The "server side" GemStone image can run anywhere - so the closest
counterpart in Magma is actually the client image IMHO.

> > Could we possibly
> > contemplate some way of having sessions share a
> > cache? Yes, complex
> > stuff I know. Btw, could you perhaps explain how the
> > caching works
> > today? Do you have some kind of low level cache on
> > the file level for
> > example?
> 
> I'm open to ideas.  The caching is very simple right
> now, it just uses WeakIdentityDictionarys to hold read
> objects.

And one per session I assume? No cache on any lower level, like on top
of the file code?

> > > A commit is pretty cheap with a small readSet. 
> > With a
> > > large readSet, WriteBarrier will definitely
> > improve it
> > > dramatically.
> > 
> > I kinda guessed. Otherwise you keep an original
> > duplicate of all cached
> > objects, right? So WriteBarrier also improves on
> > memory consumption I
> > guess.
> 
> No to the first question, yes to the second (IIRC). 
> It doesn't keep an original "duplicate", just the
> original buffer that was read.

Ah, ok. But you don't need that when using WriteBarrier right?
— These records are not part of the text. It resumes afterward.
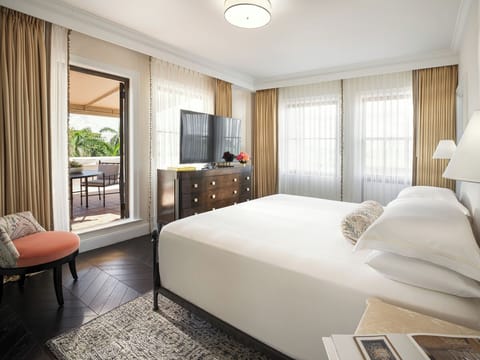 Suite, 3 Bedrooms (Singer) | Premium bedding, minibar, in-room safe, desk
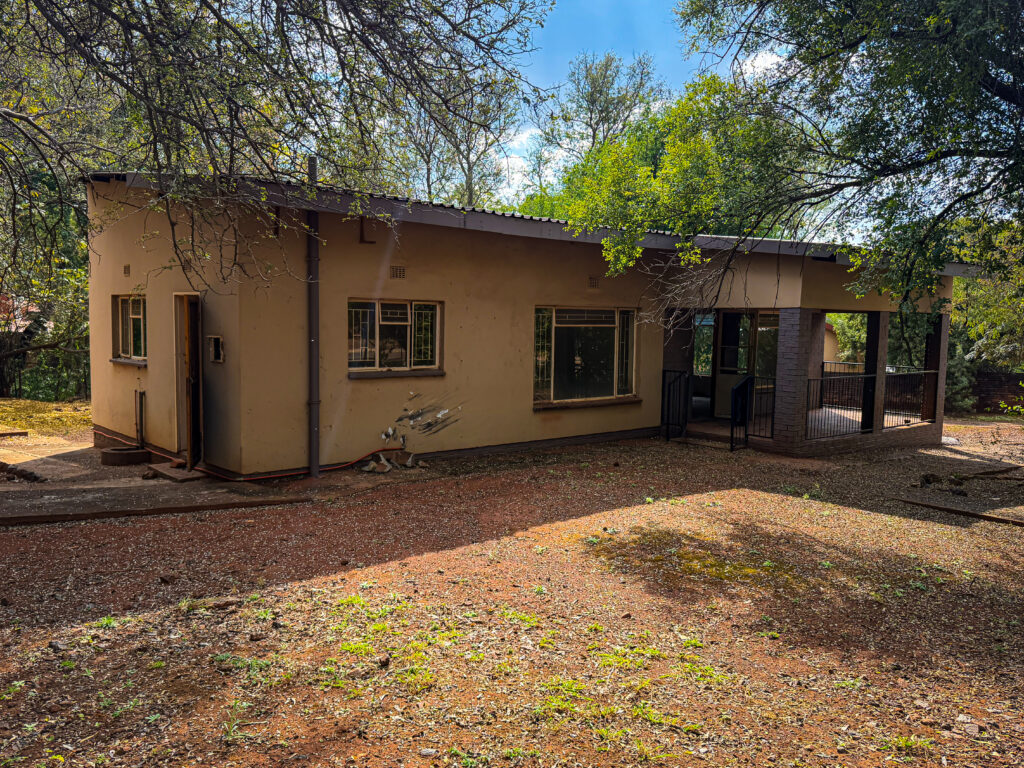 Online Auction: Day 2 – Thabazimbi Limpopo Corporate Residential Property Disposal of 5 x 3-Bedroom.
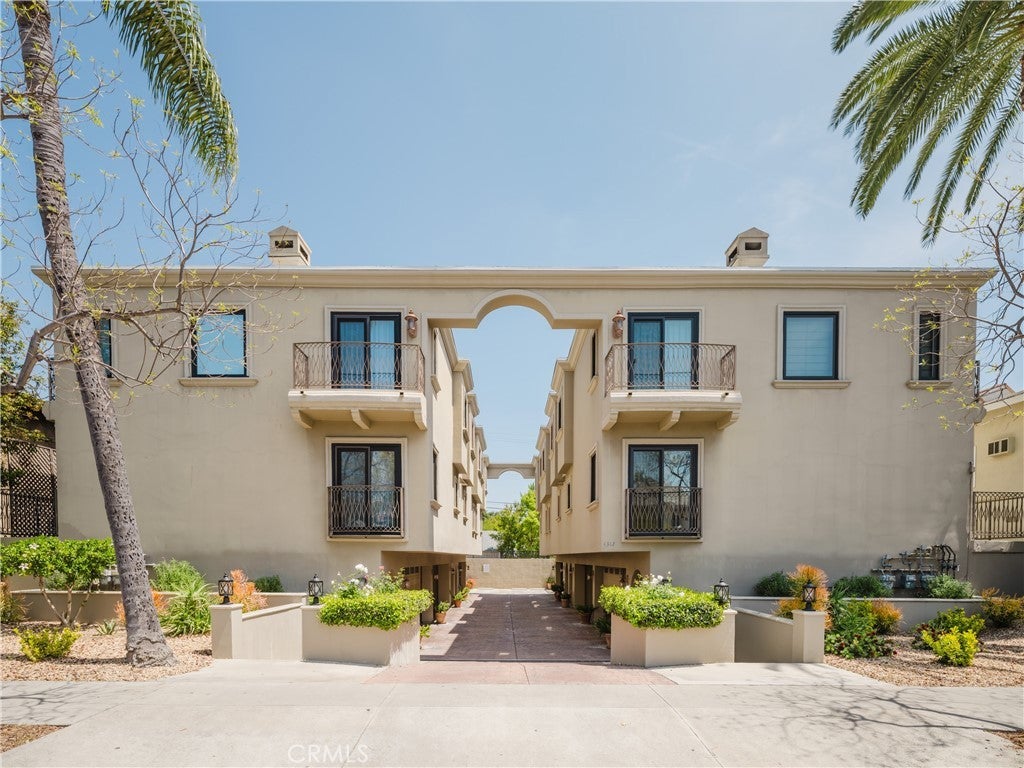 Photo of Listing #SR25090317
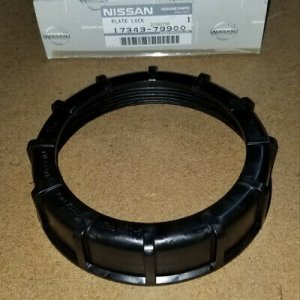Nissan 17343-79900 Fuel Tank Locking Plate Plastic Screw On Cap S14 240sx KA24DE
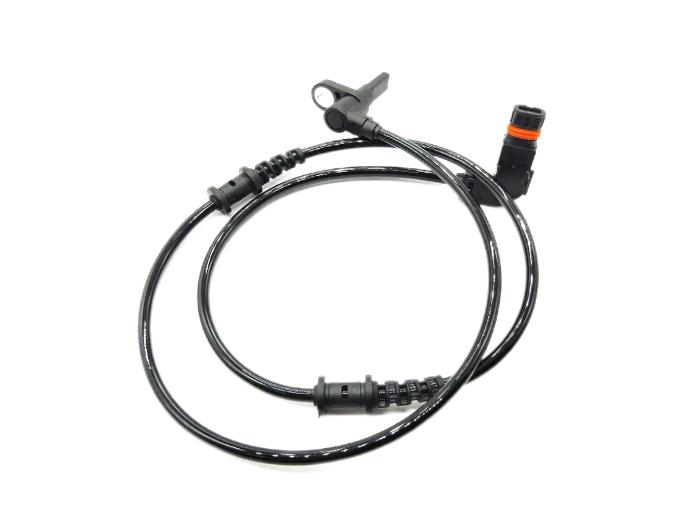 ABS Wheel Speed Sensor 58940-Q2000,Right&Front,for 18 smart runs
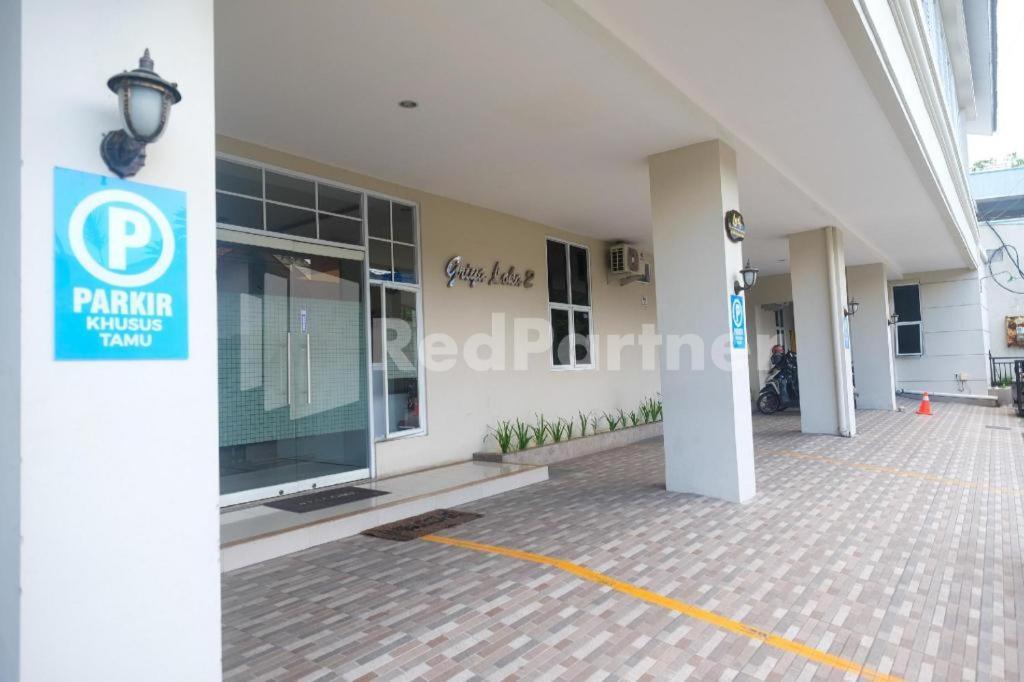 Hotel Griya Loka 2 Syariah Near Simpang Lima Mitra Reddoorz à Semarang Extérieur photo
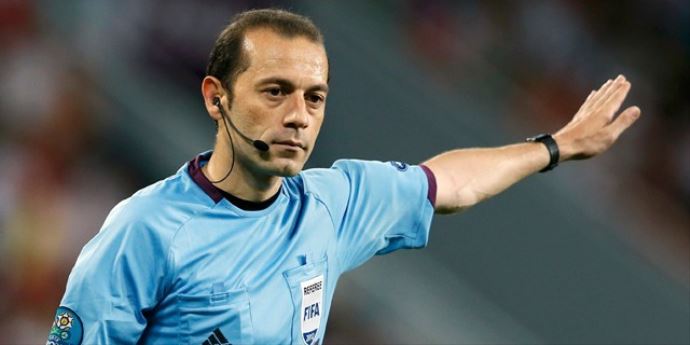 Cüneyt Çakır Amatörde eleme maçı yönetti Cüneyt Çakır Amatörde eleme maçı yönetti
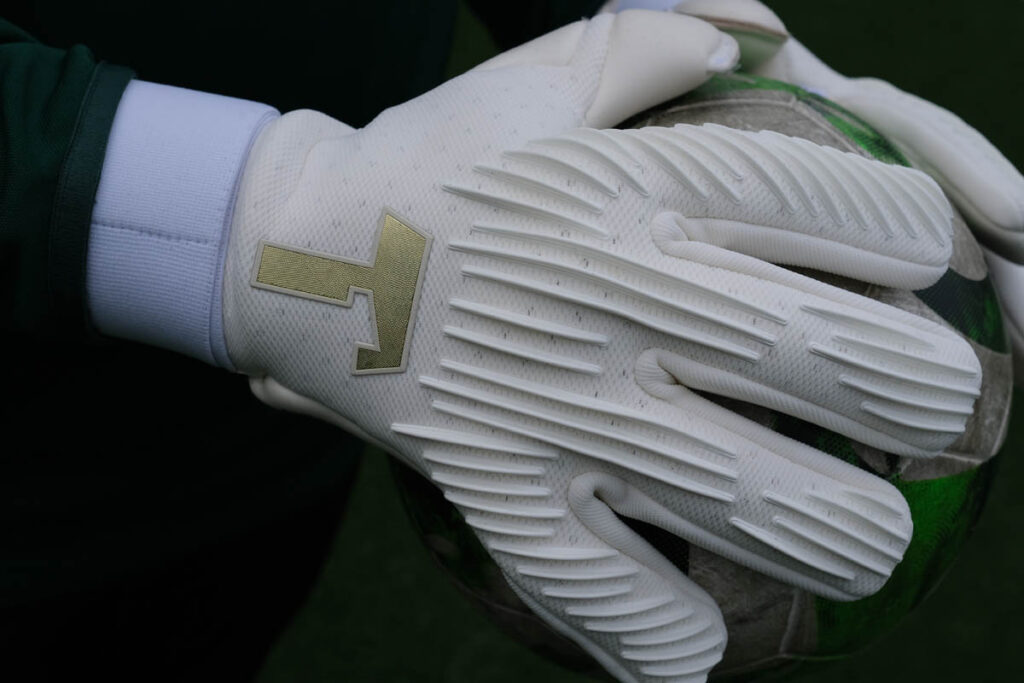 T1tan Rebel 2.0 White-Out - DistrictVoetbal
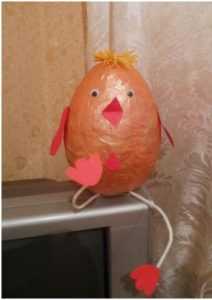 Χειροτεχνία με κέλυφος αυγού: παραδείγματα φωτογραφιών των καλύτερων έργων και περιγραφή της κατασκευής τους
> > Very good. :) And also - do you have any clue on how
> > the performance is
> > affected by using the various security parts?
> 
> Authorizing every request seems to have imposed about
> a 10% penalty.  #cryptInFiles is hard to measure since
> writes occur in the background anyway. 
> #cryptOnNetwork definitely slows down network
> transmissions considerably, only use it if you have
> to.
> 
> Regards,
>   Chris

regards, Göran